╭─ MATERIAL TO PROCESS

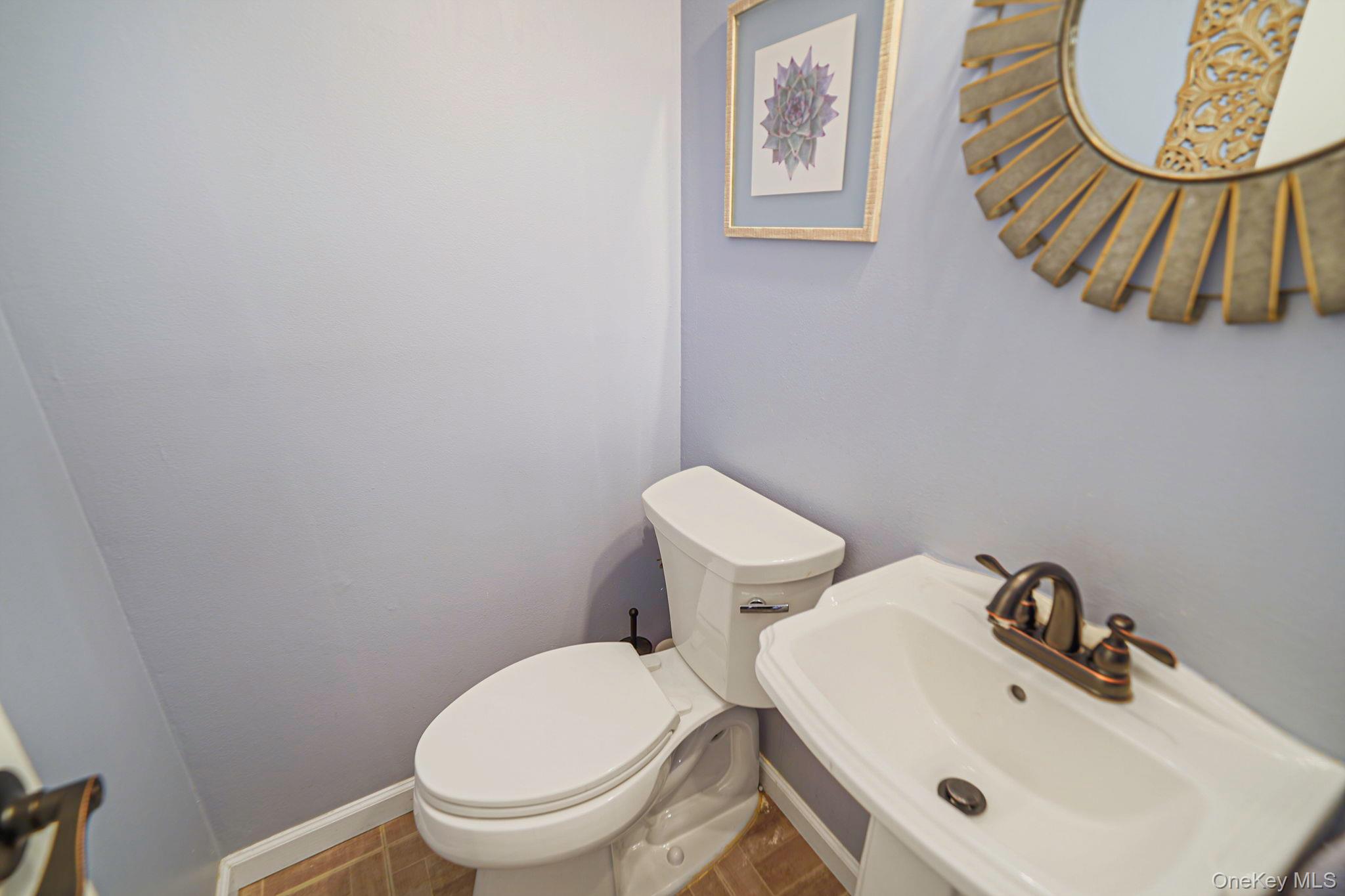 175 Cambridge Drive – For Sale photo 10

╰─
╭─ MATERIAL TO PROCESS

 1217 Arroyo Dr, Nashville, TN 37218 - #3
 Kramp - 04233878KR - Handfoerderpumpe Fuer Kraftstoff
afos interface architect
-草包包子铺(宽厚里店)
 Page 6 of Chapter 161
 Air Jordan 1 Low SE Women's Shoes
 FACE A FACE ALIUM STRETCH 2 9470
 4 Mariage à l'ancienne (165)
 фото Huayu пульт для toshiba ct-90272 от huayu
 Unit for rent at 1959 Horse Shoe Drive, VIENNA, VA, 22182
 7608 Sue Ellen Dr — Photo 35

╰─
╭─ MATERIAL TO PROCESS

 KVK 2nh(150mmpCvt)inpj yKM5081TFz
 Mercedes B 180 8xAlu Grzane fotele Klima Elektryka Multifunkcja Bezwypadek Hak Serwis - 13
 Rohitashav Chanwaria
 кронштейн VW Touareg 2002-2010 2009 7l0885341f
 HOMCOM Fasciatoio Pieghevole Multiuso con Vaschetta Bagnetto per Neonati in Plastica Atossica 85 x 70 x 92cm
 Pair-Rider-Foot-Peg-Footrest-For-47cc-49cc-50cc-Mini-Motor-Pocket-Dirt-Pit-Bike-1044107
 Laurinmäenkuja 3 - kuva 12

╰─

■ EXERCISE OBJECTIVE: Give back, exactly as written, the stretch from the line with "-草包包子铺(宽厚里店)" through the line with "7608 Sue Ellen Dr — Photo 35", and no other lines from the records above.

■ ANSWER BOX:
-草包包子铺(宽厚里店)
 Page 6 of Chapter 161
 Air Jordan 1 Low SE Women's Shoes
 FACE A FACE ALIUM STRETCH 2 9470
 4 Mariage à l'ancienne (165)
 фото Huayu пульт для toshiba ct-90272 от huayu
 Unit for rent at 1959 Horse Shoe Drive, VIENNA, VA, 22182
 7608 Sue Ellen Dr — Photo 35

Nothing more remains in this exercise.